To generate EUV light two rounds of laser pulses sometimes need to be fired at a droplet of tin. The first pulse induces a kick to the droplet, which accelerates and expands it at an immense rate: the droplet’s speed increases from zero to 100 meters per second in just 10 nanoseconds. At the same time, the tin droplet is deformed. ARCNL studies this deformation using a photographic technique called shadowgraphy.
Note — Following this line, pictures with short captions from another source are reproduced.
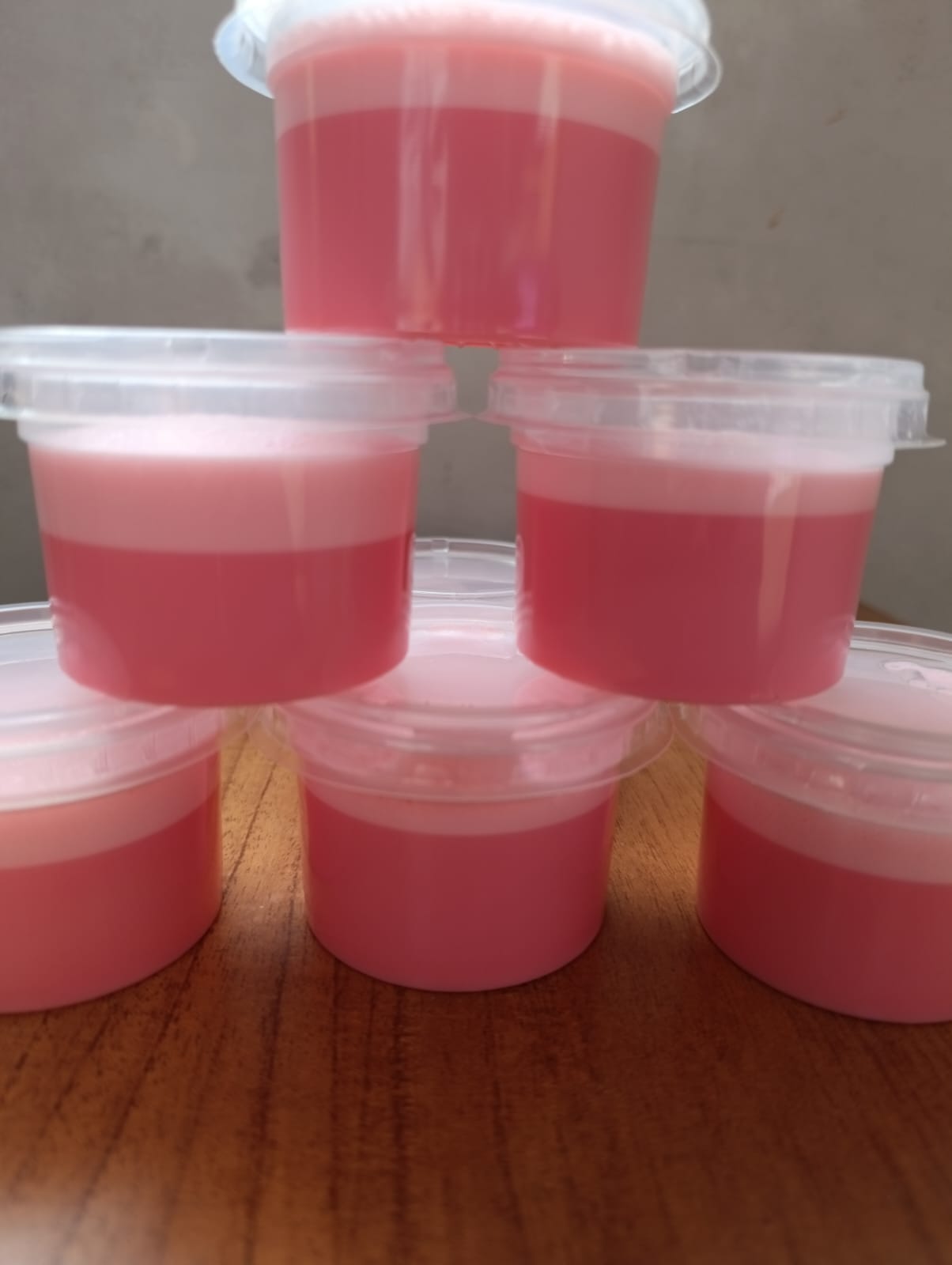 Gelatina cremosa de Morango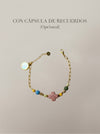 Pulsera con cruz rosa y piedras de colores con cápsula de recuerdos opcional Bravata
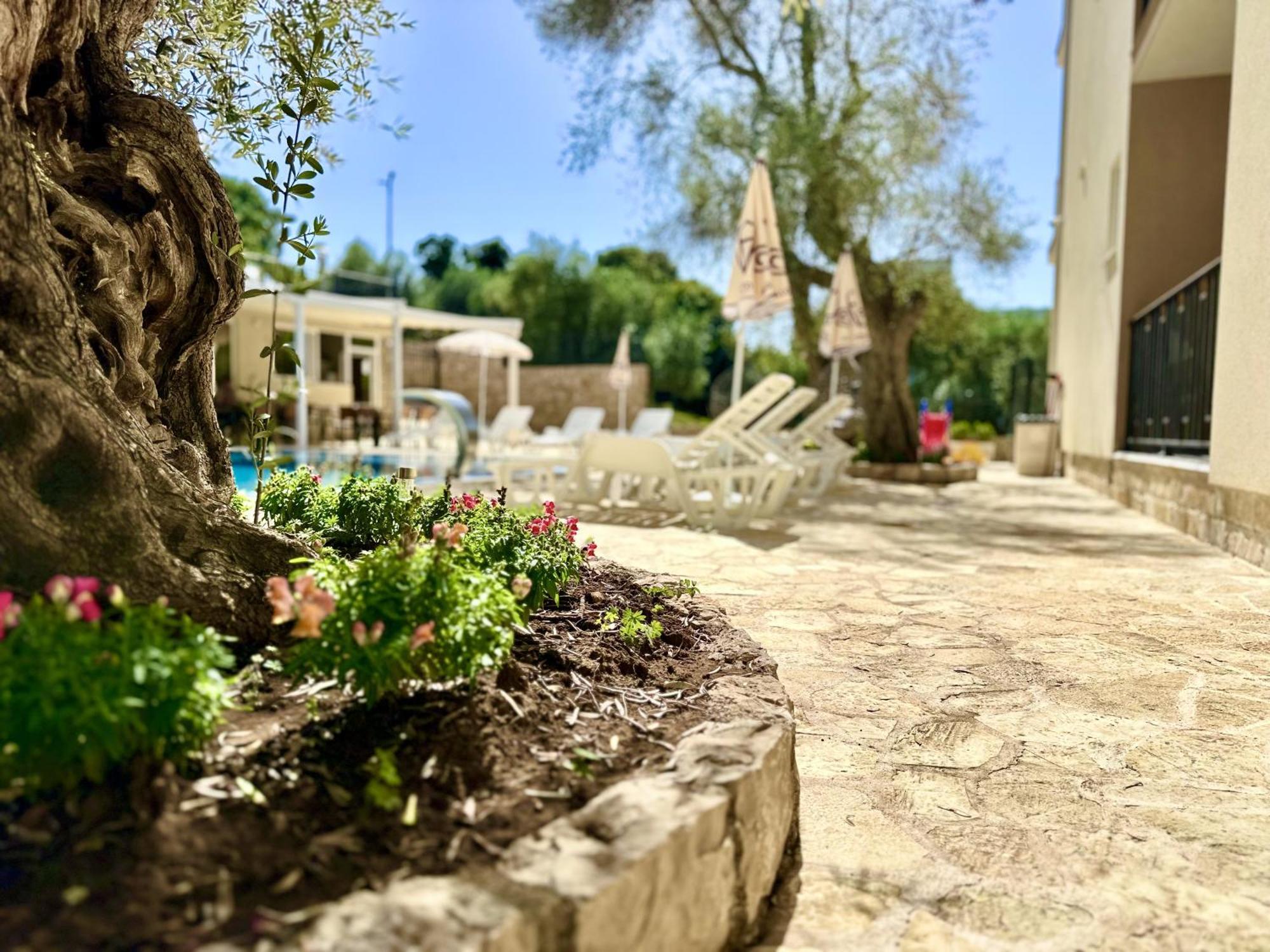 Akhdar Apartments Утеха Екстериор снимка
When a second laser pulse hits the now deformed tin droplet , the desired EUV light is generated from a hot and dense plasma . This fourth state of matter, “plasma”, is like a crime scene. It consists of a complicated “soup” of highly charged particles and their electrons. The tin atoms can be stripped of up to 13 electrons per atom in the intense heat of the plasma, leading to all possible charged states between tin1+ to tin13+ which all emit light of a specific “color”. The result of the myriad of atomic plasma processes is a very complex spectrum of light. ARCNL uses spectroscopy techniques based on visible and extreme ultraviolet light to determine which charged particles are present in what quantities at which times and locations. The final aim is to pinpoint which individual perpetrator leads to what feature in the light emitted by the plasma.
This group collaborates closely with the Max Planck Institute for Nuclear Physics in Heidelberg and the University of Groningen, where characteristics of each of the individual charged states are studied.